======== Data provided
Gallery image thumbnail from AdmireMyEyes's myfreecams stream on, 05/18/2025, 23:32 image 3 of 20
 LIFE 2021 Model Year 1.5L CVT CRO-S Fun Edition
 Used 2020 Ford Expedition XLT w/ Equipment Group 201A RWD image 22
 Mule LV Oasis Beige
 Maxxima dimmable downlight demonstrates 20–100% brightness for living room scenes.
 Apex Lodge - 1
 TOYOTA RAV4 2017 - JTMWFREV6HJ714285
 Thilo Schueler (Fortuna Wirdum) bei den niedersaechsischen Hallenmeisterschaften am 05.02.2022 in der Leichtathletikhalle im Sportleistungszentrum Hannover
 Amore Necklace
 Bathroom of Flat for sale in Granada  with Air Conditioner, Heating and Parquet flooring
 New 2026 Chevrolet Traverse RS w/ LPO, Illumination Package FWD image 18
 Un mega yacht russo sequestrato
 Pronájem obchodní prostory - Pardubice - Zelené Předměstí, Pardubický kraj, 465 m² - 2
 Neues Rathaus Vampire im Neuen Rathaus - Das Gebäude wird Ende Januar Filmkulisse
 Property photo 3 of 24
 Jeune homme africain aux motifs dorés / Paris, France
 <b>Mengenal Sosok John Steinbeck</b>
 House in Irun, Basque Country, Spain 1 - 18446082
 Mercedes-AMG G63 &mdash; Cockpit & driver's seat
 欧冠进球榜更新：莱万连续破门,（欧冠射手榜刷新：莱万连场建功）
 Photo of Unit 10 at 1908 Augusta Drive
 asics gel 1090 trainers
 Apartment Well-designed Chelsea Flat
================
● Exercise details
Write out every line from the entries where "Flat" appears.

● Solution for this task
 Bathroom of Flat for sale in Granada  with Air Conditioner, Heating and Parquet flooring
 Apartment Well-designed Chelsea Flat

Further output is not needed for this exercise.